First disclosed in 2019, this vulnerability was reported during a period defined by widespread IoT adoption challenges, mobile security concerns, and the emergence of advanced persistent threat (APT) techniques. Contemporary mitigation strategies focused on secure development practices and third-party component vetting.
2019-01-17T20:29:00.167
2024-11-21T04:02:03.890
Modified
CVSSv3.0: 7.8 (HIGH)
AV:L/AC:L/Au:N/C:C/I:C/A:C
3.9
10.0
| Type | Vendor | Product | Version/Range | Vulnerable? |
|---|---|---|---|---|
| Application | bmc | patrol_agent | ≤ 11.3.01 | Yes |
SecUtils normalizes and enriches National Vulnerability Database (NVD) records by standardizing vendor and product identifiers, aggregating vulnerability metadata from both NVD and MITRE sources, and providing structured context for security teams.
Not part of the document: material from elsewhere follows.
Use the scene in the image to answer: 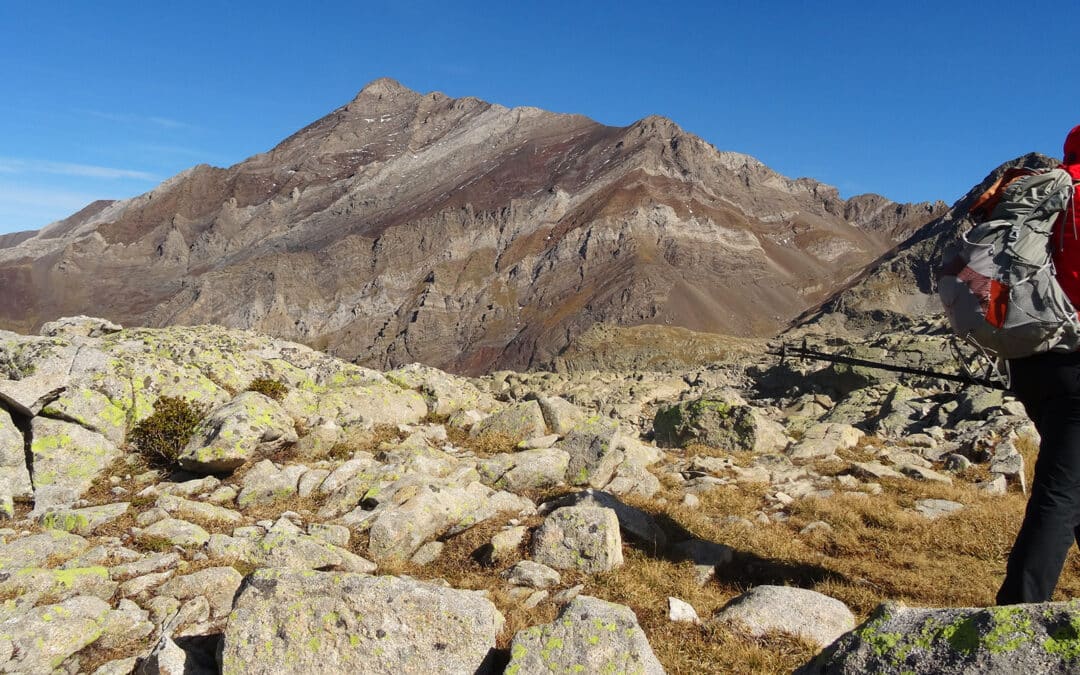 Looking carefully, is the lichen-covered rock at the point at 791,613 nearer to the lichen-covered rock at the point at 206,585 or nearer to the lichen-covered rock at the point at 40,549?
the lichen-covered rock at the point at 206,585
For bmc's affected products, we extract Common Platform Enumeration (CPE) data, Common Weakness Enumeration (CWE) classifications, CVSS severity metrics, and reference data to enable rapid vulnerability prioritization and asset correlation. This record contains no exploit code, proof-of-concept instructions, or attack methodologies—only defensive intelligence necessary for patch management, risk assessment, and security operations.